/---

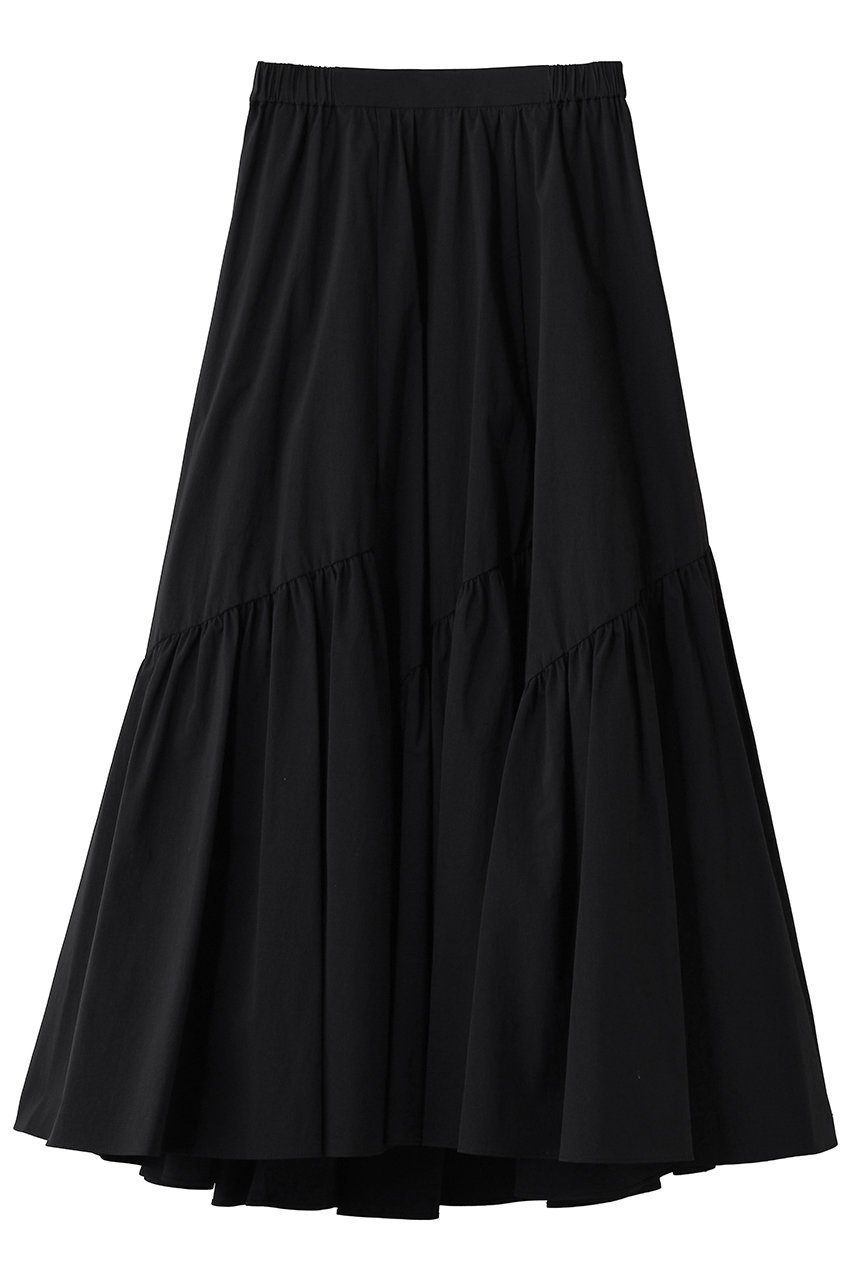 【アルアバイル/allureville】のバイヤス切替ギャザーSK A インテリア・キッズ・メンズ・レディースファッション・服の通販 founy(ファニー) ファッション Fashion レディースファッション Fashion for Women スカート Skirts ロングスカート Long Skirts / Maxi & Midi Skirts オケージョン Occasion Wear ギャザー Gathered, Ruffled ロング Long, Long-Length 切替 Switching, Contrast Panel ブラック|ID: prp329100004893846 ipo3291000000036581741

\---
/---

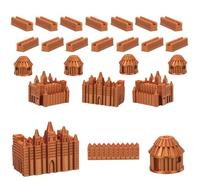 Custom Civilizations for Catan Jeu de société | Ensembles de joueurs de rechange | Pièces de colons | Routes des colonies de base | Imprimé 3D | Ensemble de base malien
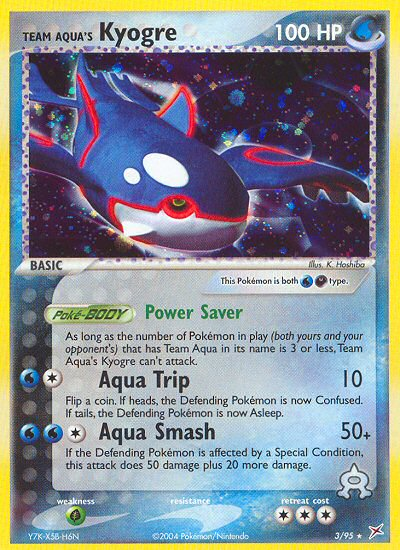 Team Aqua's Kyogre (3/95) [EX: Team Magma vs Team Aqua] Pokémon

\---
/---

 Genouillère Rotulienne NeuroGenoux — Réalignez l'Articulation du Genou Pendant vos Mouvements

\---

#### WHAT THE EXERCISE ASKS:
Up in the listing, locate the line with "Custom Civilizations for"; print it and every line after it down to the line with "Team Aqua's Kyogre", which is included too. Skip the pictures.

#### EXPECTED ANSWER:
 Custom Civilizations for Catan Jeu de société | Ensembles de joueurs de rechange | Pièces de colons | Routes des colonies de base | Imprimé 3D | Ensemble de base malien
 Team Aqua's Kyogre (3/95) [EX: Team Magma vs Team Aqua] Pokémon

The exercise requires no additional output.